In the last years the dividend increases of PG were much higher. If we take a look at the chowder rule in the beginning of April 2015, it was 11.2. The dividend yield was 3.2 and the 5 year dividend growth rate was 8.0. The latter will be influenced by this increase in a negative way.
Despite of the slightly disappointed dividend increase I bought PG for my Vrijheid Fonds just a few days after their announcement. Because PG is a solid company with some big household names. Take a look around your household and see how much PG products you have. You will be amazed.
After I bought the shares a little voice in the back of my mind kept asking: why is this increase so low? So I did some digging and searching on the Internet. I found 4 possible reasons.

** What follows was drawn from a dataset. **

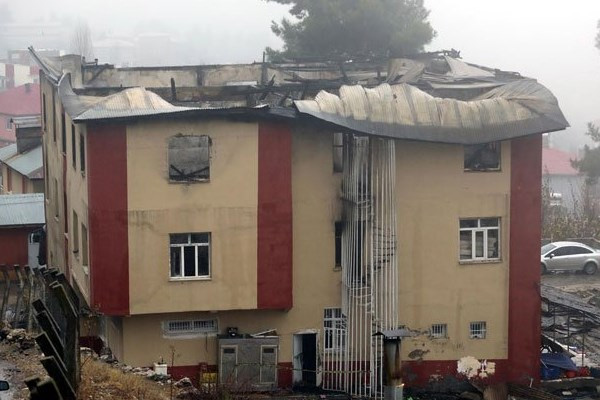 Adana'daki yangın için 6 kişi gözaltında!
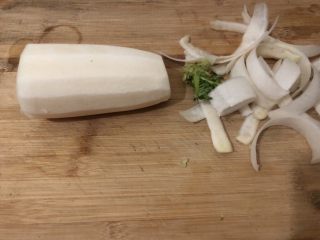 4、萝卜炖鸭肉,萝卜去皮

PG is operating in a market with a lot of competitors. The margins are (very) small. And for most of the products the demand remains the same over time. If I look at my own household, it is impossible to persuade me to use more detergent. So the demand side is (almost) stable. However the supply side is still growing. New companies emerge on the Internet that are offering the same product for a lower price. For instance, here in the Netherlands we have BoldKing who offers razor blades for lower prices than the PG razor blades (I love my Gillete razor blades).
I read in an editorial that PG made the decision a couple of years ago to focus on efficiency/margins instead of innovation. This can be one of the reasons why PG is losing their moat. Or is this only in my imagination?
A high payout ratio. PG already had a high payout ratio of around 70%. This is high for a dividend aristocrat. Put this together with the money PG is spending with their share buy back program and the payout ratio is even higher. With the recent increase the payout ratio is around 75%. So is there still some free cash flow available?
The last reason is of course the stronger dollar. PG sells around 2/3 of their products out side The States. With a stronger dollar, these products will be more expensive here in Europe. This will certainly influence their turnover and their profits.
All these possible reasons, in my opinion, are plausible. The only thing that is really bothering me is the increasing payout ratio. Will PG management be able to lower the payout ratio and in the same time give investors an ever increasing dividend? What will the future bring? I wish I had a crystal ball.
What do you think? Was the last dividend increase an omen for future increases? Or was this just a small hick up? I like to hear from you.